» Supplied data
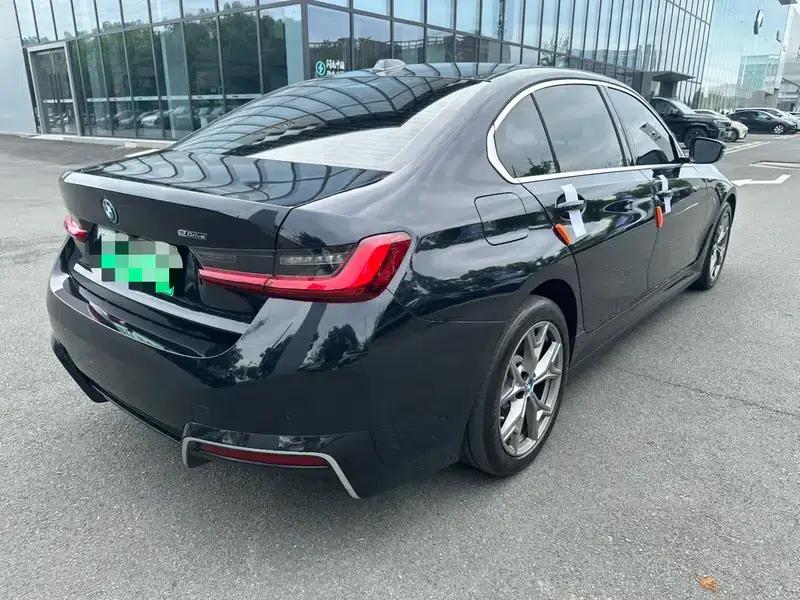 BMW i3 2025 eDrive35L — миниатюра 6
==
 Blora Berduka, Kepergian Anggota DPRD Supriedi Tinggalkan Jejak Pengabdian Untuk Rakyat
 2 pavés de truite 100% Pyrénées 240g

» Exercise directions
From the line holding "Blora Berduka, Kepergian" to the line holding "2 pavés de truite 100% Pyrénées 240g", inclusive, restate each line above exactly as written.

» Result for this exercise
 Blora Berduka, Kepergian Anggota DPRD Supriedi Tinggalkan Jejak Pengabdian Untuk Rakyat
 2 pavés de truite 100% Pyrénées 240g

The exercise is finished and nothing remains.